Ева Николаевна спала всю неделю и довела себя до такого состояния, что перестала понимать, что ей говорят, укладываясь при случае везде, где только обнаруживала спящих детей. Она умудрилась залезть в манеж и заснуть там возле них, свернувшись калачиком; ела раз в день, засыпая за столом. На предложения сходить в кино или прогуляться бессмысленно мычала.
Муся растолкала ее однажды утром и сказала, что звонят незнакомые мужики, один сказал то ли кличку, то ли пароль.
– Что-о-о? – потянулась Ева.
– Сказал – Январь.
– Впускай. Накорми, напои чаем, скажи, что я сплю.
Мужчины осторожно прошли в комнату,
– Она опухла, – просипел тот, который был старше, – пьет?
– Спит, – вздохнула Муся. – Далила говорит, что у нее это... естественная реакция на нервное потрясение, вот что. Вот, сказала вас накормить, а есть особо нечего, так что смотрите...
– У нас с собой, – просипел Карпелов, доставая из пакета длинную колбасу и бутылку вина.
– На всех не хватит, – вздохнула Муся.
– Буди! – приказал Карпелов.
– Тебе надо, ты и буди. Разбудишь ее, – бормотала Муся, направляясь с колбасой в кухню.
Карпелов показал жестом Кеше встать, просунул под Еву руки и поднял ее, прижав к себе. Январь испуганно смотрел на эти его действия.
– Чего смотришь, делай кофе! – Он прошел с Евой мимо Января, направляясь в ванную.
– Куда это мамочку понесли? – поинтересовалась Муся, отпиливая у колбасы жесткий скрученный хвост с бечевкой.
– В ванную, – пожал плечами Январь.
– Ох, она ему и влепит!
Январь на всякий случай подошел к двери в ванную и послушал. Лилась вода, все было тихо. Через пять минут вышел мокрый Карпелов, посмотрел, как растет пеной черная жидкость в турке.
– Пойду посмотрю, вдруг она и там заснет, еще утонет, – предложил невинно Январь.
– Ты знаешь, не стоит, – Карпелов задумчиво потер себе щеку и подбородок, – она почти проснулась. Я же ничего, я только не хотел ее халат мочить...

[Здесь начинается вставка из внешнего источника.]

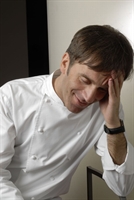 Lo chef Davide Oldani, proprietario del ristorante stellato D'O di Cornaredo (Milano).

Ева вошла в кухню с мокрыми волосами и вытаращенными глазами.
– Кофе! – сказала она. – Живем, братцы! Карпелов, а что ты все шепчешь?
– Ему тетка одна горло прострелила, не быть ему теперь генералом, безголосому, – сказал Январь.
– Это что, навсегда?
– Это временное неудобство, – просипел Карпелов, – вроде потери памяти. Должно пройти, особых повреждений нет.
– А еды не осталось, – сказала Муся. – И денег не осталось.
– А мы вот как раз по этому поводу и пришли. Январь, говори ты.
– Маруся, выйди. – Ева, зевая, разливала кофе в три чашки.
– Сразу – выйди. Я свою колбасу с собой возьму.
– Возьми и мою, – просипел Карпелов.
– У нас есть работа для вас. – Январь закрыл за Марусей дверь. – Нам нужна красивая девочка, которая отлично стреляет. Короче, дело такое. Рассказываю по порядку. Через два дня пройдут голосования по правительству согласия. И вот, значит, поступила информация, что двоих коммерсантов, личностей известных и важных, похитили. Родные написали заявление в милицию; а пока прорабатывались разные версии, похитители сами позвонили родне и сказали, что вреда коммерсантам никакого не причинят, просто будут держать их до тех пор, пока не пройдет голосование в это правительство, – им надо только, чтобы эти двое на голосование не зарегистрировались. Жены у них боевые, сделали такое предложение. Двадцать тысяч зеленых, если освободим вовремя, то есть не позднее чем через сутки, потом регистрация закончится, их и так отпустят, если поверить, что похитители люди честные и благородные и держат свое слово. Вы верите? Я – нет.